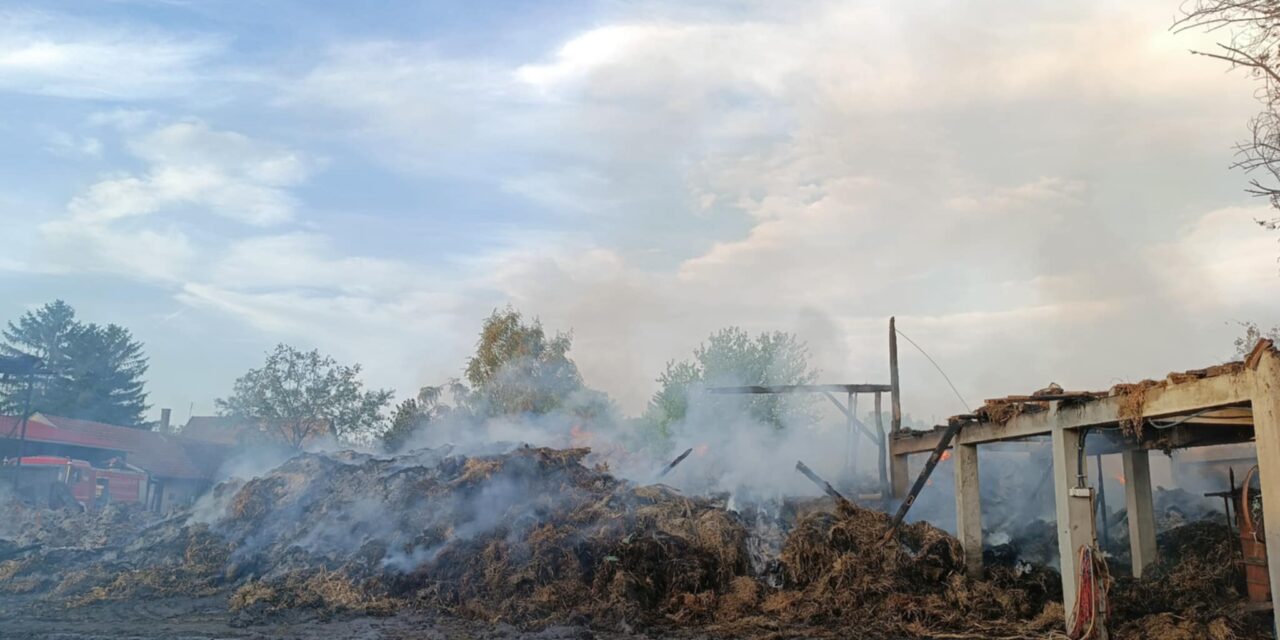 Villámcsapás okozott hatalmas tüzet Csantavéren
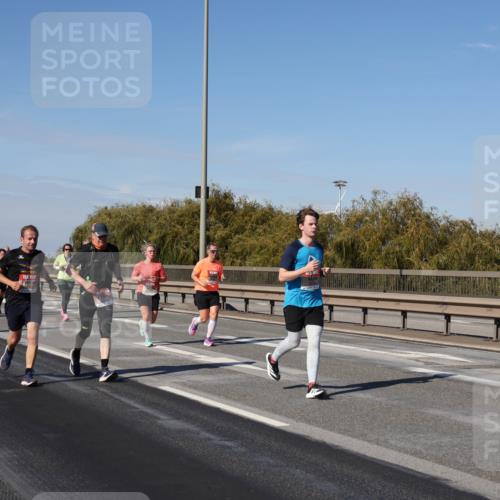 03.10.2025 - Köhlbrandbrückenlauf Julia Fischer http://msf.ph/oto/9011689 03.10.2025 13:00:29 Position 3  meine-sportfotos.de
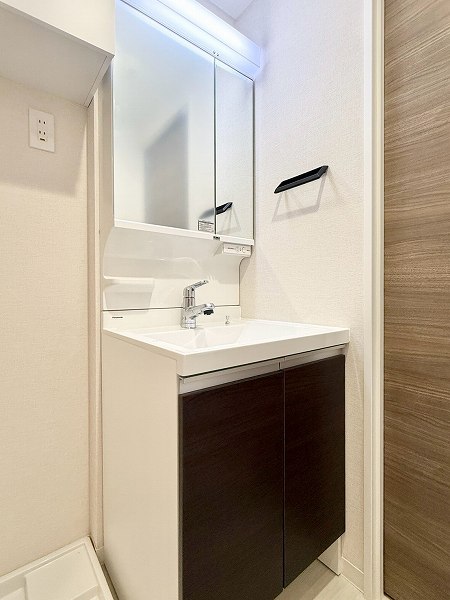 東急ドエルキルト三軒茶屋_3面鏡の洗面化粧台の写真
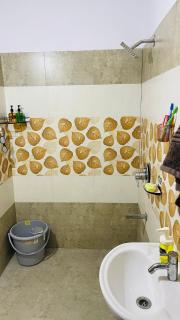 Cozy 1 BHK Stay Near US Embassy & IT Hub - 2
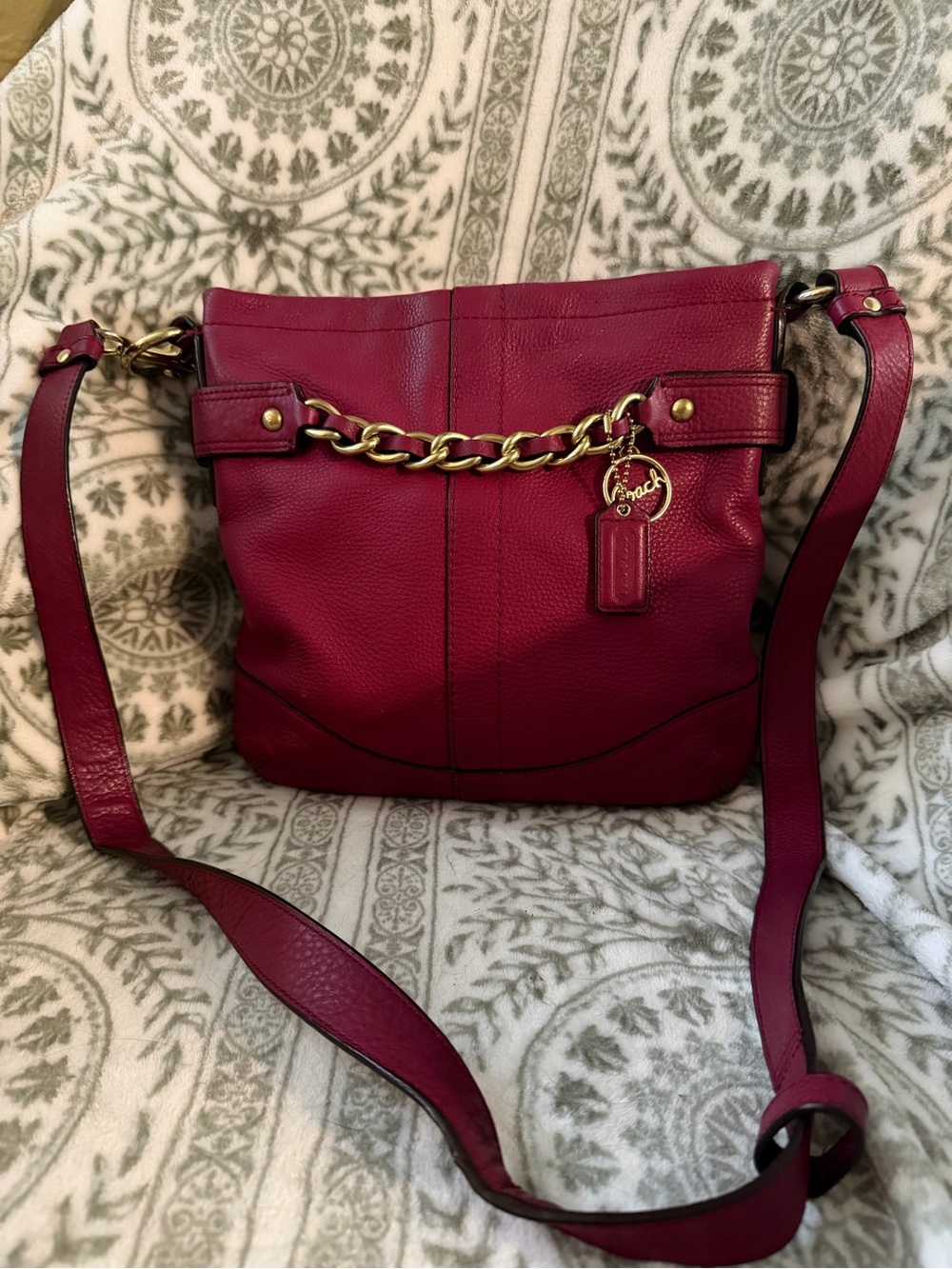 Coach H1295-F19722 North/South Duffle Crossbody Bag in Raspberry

----------------------------------------

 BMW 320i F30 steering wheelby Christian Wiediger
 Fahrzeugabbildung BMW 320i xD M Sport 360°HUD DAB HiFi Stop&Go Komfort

----------------------------------------

Task description: Above, find the line with "Villámcsapás okozott hatalmas"; copy it and every line down to the line with "Coach H1295-F19722 North/South", exactly and both included, but no pictures.

Final answer:
 Villámcsapás okozott hatalmas tüzet Csantavéren
 03.10.2025 - Köhlbrandbrückenlauf Julia Fischer http://msf.ph/oto/9011689 03.10.2025 13:00:29 Position 3  meine-sportfotos.de
 東急ドエルキルト三軒茶屋_3面鏡の洗面化粧台の写真
 Cozy 1 BHK Stay Near US Embassy & IT Hub - 2
 Coach H1295-F19722 North/South Duffle Crossbody Bag in Raspberry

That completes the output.